TASK PROMPT: The copy has to match the data exactly and leave out every picture.

GIVEN INFORMATION:

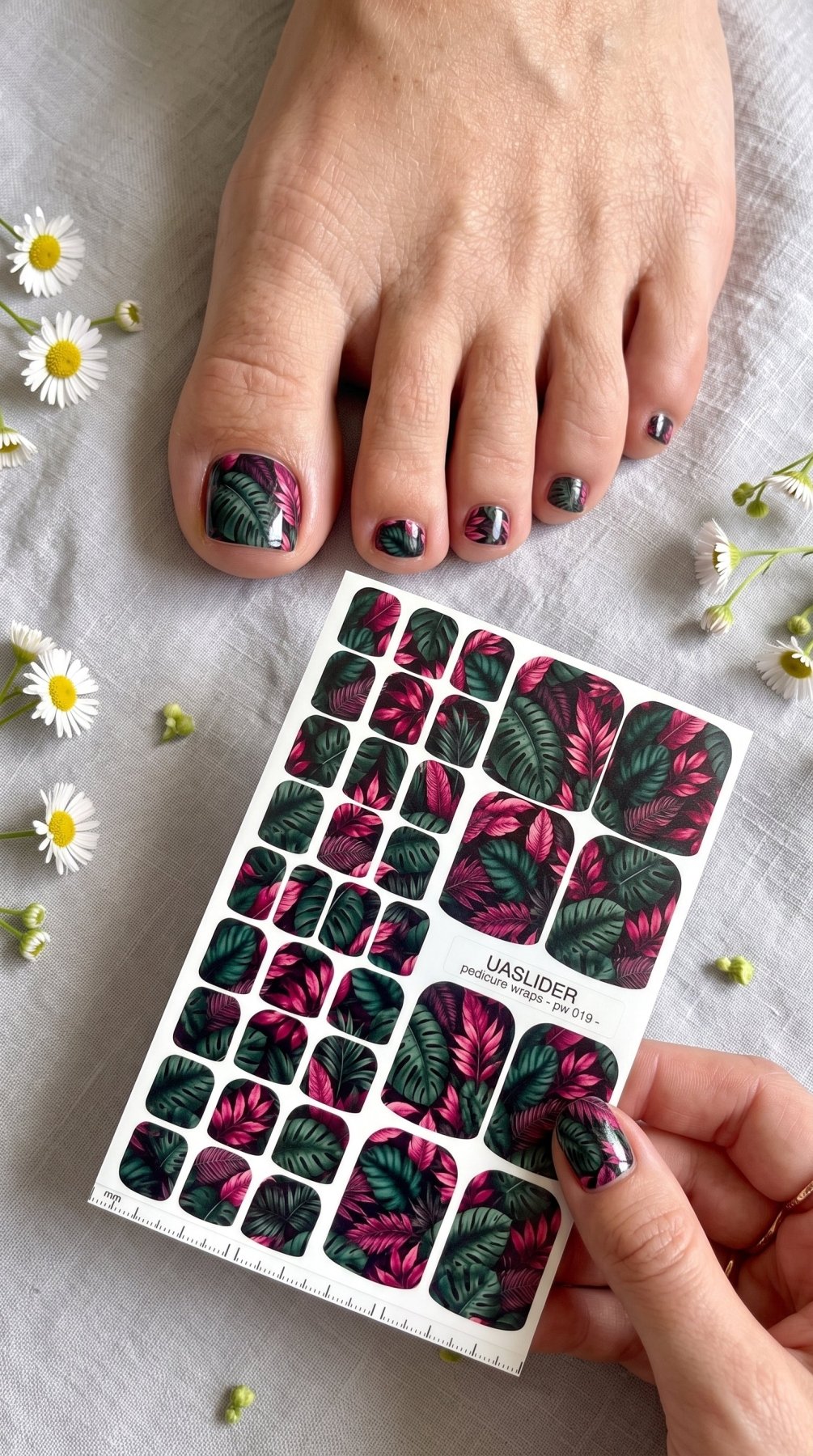 Tropical Leaves Pedicure Nail Wraps — Dark Teal & Magenta Jungle | PW-019 - UASLIDER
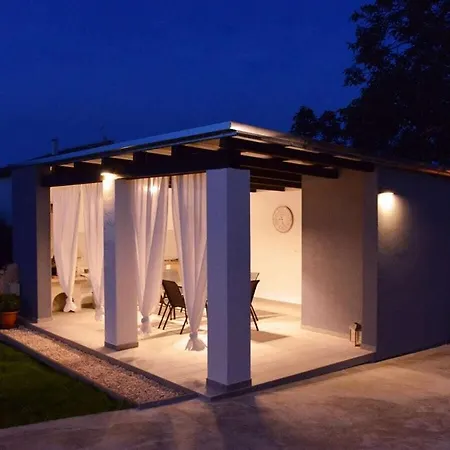 Villa In Pula With Swimming Pool *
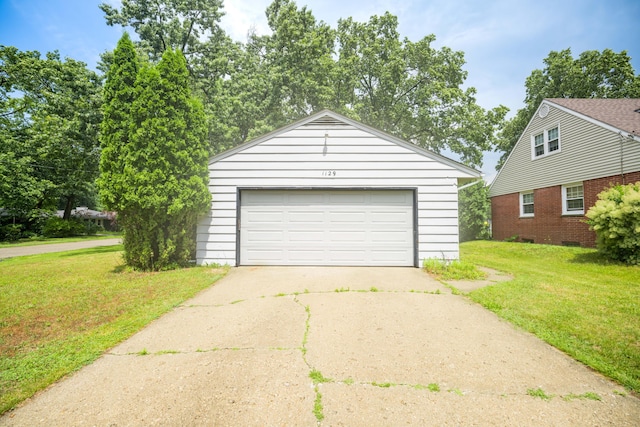 1129 Par 4 Cir, Kalamazoo, MI 49008 - view of detached garage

SOLUTION TO THE EXERCISE:
 Tropical Leaves Pedicure Nail Wraps — Dark Teal & Magenta Jungle | PW-019 - UASLIDER
 Villa In Pula With Swimming Pool *
 1129 Par 4 Cir, Kalamazoo, MI 49008 - view of detached garage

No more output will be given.